Yesterday I wrote about what the White Island eruption teaches us about risk management, in particular the way we decide how to deal with or "treat" identified risks. 

ISO/IEC 27005 describes 4 risk treatment options:
  1. Avoid the risk by deliberately not getting ourselves into risky situations - not getting too close to a known active volcano for example;
  2. Modify the risk: typically we mitigate (reduce) the risk through the use of controls intended to reduce the threats or vulnerabilities and hence the probability, or to reduce the impacts;
  3. Retain the risk: this is the default - more on this below;
  4. Share the risk: previously known as "risk transfer", this involves getting the assistance of third parties to deal with our risks, through insurance for instance, or liability clauses in contracts, or consultants' advice.
Risk management standards and advisories usually state or imply that these 'options' are exclusive, in other words alternatives from which we should choose just one treatment per risk. ISO/IEC 27005 says "Controls to reduce, retain, avoid, or share the risks should be selected". In fact, they are nonexclusive options since they all involve an element of risk retention. The sentence should perhaps read "Controls to reduce, retain, avoid, and share the risks should be selected".*

Risk retention is inevitable because of the very nature of risk. We can never be totally certain of risk, up to the point that the probability reaches 1 when an incident occurs (which, arguably, means it is no longer a risk but a certainty!). We might have misunderstood it, or made mistakes in our analysis. Our risk treatments might not work out as expected, perhaps even failing spectacularly when we least expect it, or conversely working so well that the risk never eventuates. Our insurers and partners might renege on the deal, and consultants (including me, right now) might give bad advice. The threats, vulnerabilities and impacts are all dynamic, complex and partially unknown: geologists speak of 'eruption hazards' predicted to affect areas of varying size, but 'predict' is misleading. They can calculate the probability of various volcanic and seismic events occurring, but not with sufficient precision to be of short-term use in planning trips.

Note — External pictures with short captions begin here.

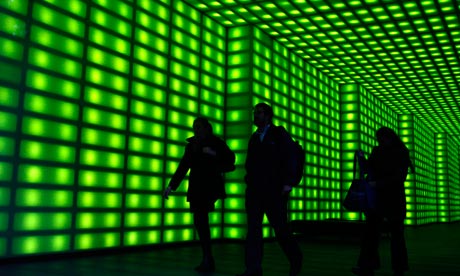 Office workers walk through green foyer.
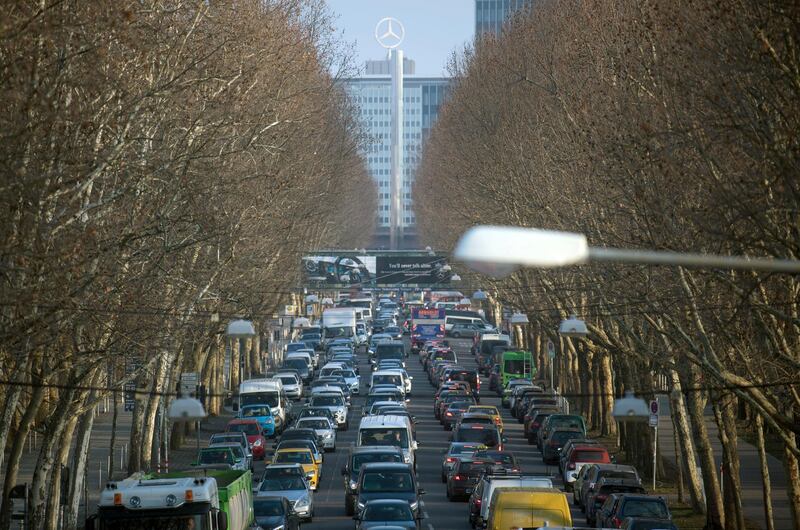 In this Feb. 21, 2018 photo cars jam in Stuttgart, southern Germany. A German court began considering Thursday, Feb. 22, 2018  whether authorities should ban diesel cars from cities to lower air pollution, a move that could have drastic consequences for the country's powerful auto industry. (Marijan Murat/dpa via AP)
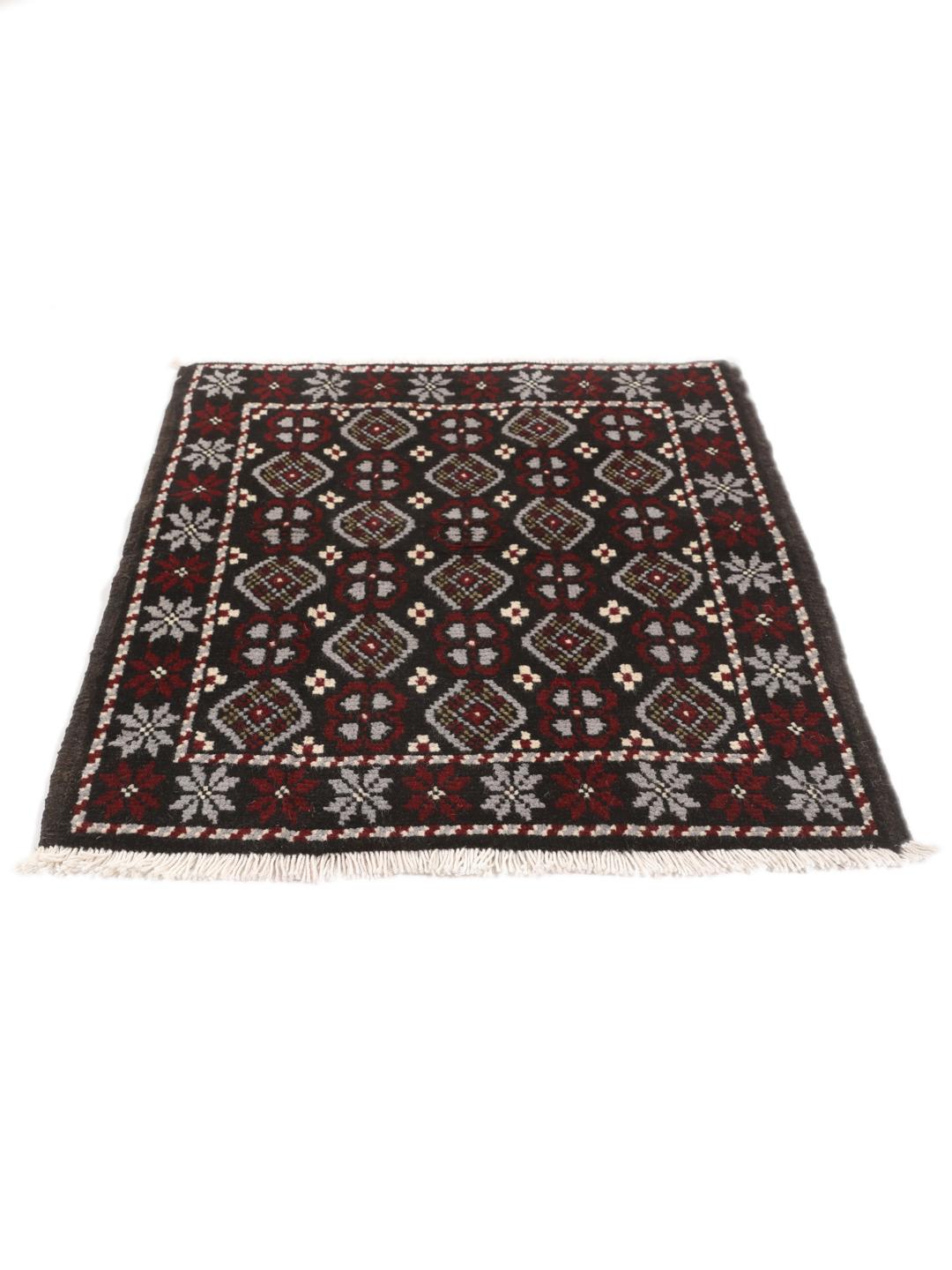 A hand-knotted Baluch rug from the Middle East featuring a black, red, and grey geometric pattern.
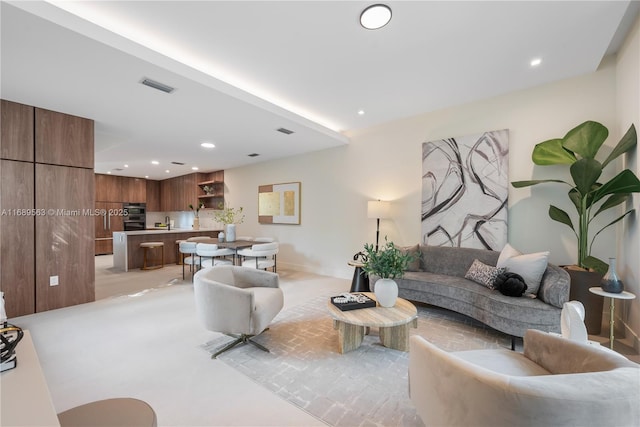 living room with visible vents and recessed lighting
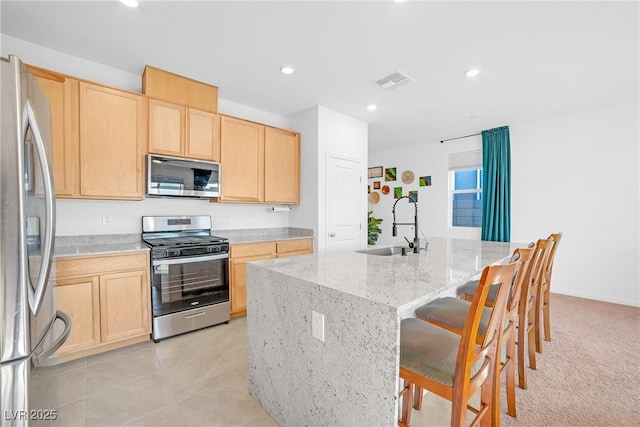 kitchen featuring a sink, visible vents, appliances with stainless steel finishes, and light brown cabinetry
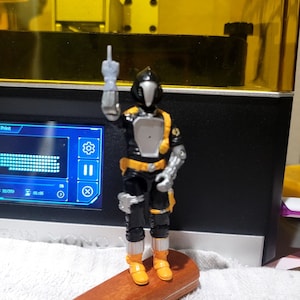 以下が含まれることがあります： ヘルメットと銀色の手をつけた黒と黄色のアクションフィギュアが木製の台座の上に立っています。フィギュアは中指を立てています。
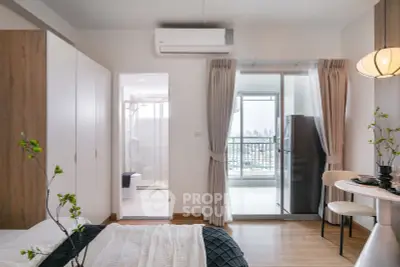 Modern bedroom with balcony view and stylish decor in urban apartment
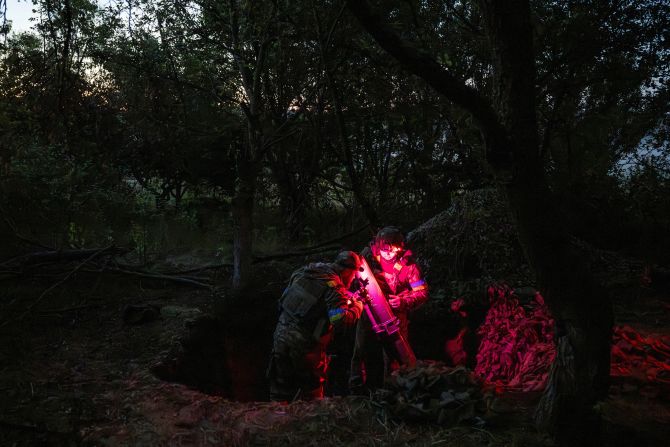 Artillerymen from Ukraine fire a mortar toward Russian troops near the village of Lyptsi in Ukraine’s Kharkiv region on Wednesday, June 19.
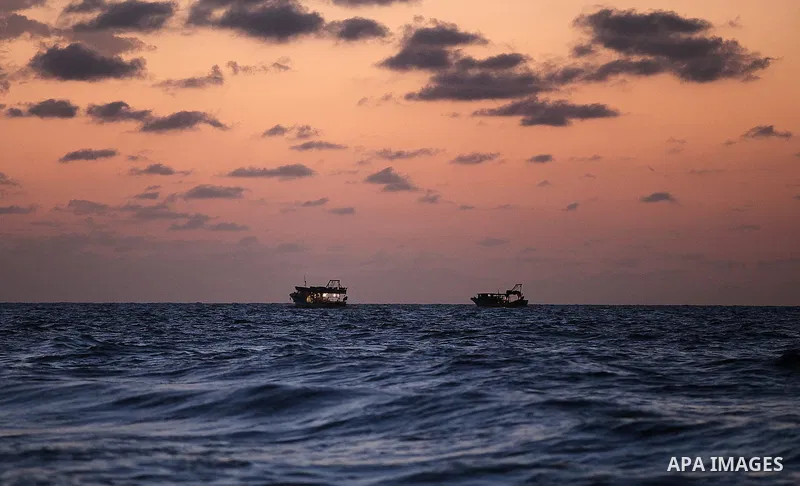 Palestinian fishermen ride their fishing boats in the sea in Gaza City on 28, 2013. The UN started distributing fuel in Gaza to maintain operations of critical facilities amid fears of a health crisis due to gathering ga...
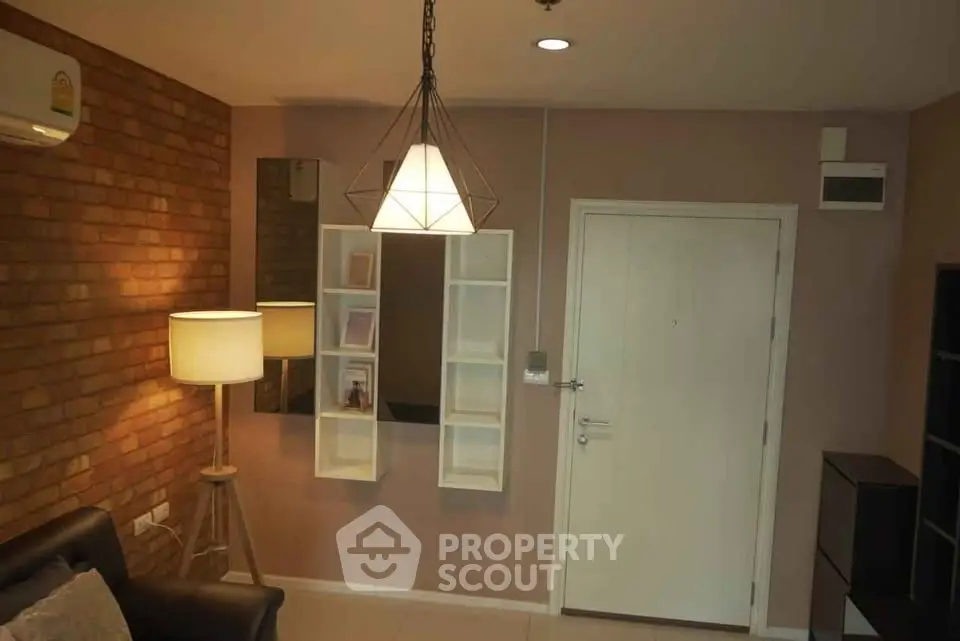 Stylish living room with modern lighting and brick accent wall, perfect for cozy evenings.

The upshot is that a retained risk is still a risk: with a residual level of risk, we should bear in mind that incidents might still occur. 'Risk acceptance' is no longer the preferred term since it subtly implies that the risk has gone, whereas some is retained, whether knowingly or not. Whether the implications are truly understood when we make risk treatment decisions is uncertain ... and, yes, that means risk management itself is risky.

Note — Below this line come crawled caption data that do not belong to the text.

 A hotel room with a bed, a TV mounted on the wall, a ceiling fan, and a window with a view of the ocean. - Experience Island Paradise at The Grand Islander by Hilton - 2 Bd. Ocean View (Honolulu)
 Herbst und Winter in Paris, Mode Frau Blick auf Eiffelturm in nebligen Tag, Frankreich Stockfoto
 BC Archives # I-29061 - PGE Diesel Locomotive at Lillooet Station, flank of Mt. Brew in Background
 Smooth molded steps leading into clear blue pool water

* There are other problems with that sentence. In the information risk context, 'control' is generally used and understood to mean 'information security control' specifically: risk avoidance and especially retention would not normally be considered forms of control. Also, merely 'selecting' options achieves nothing: for all except risk retention, things need to be done subsequently if those decisions are to have any effect, and even retention generally ought to be documented, especially if the retained risks are significant - like, for instance, an adventure tourist signing to confirm their acknowledgement of the hazards ahead and clarify their personal accountability for the decision to proceed.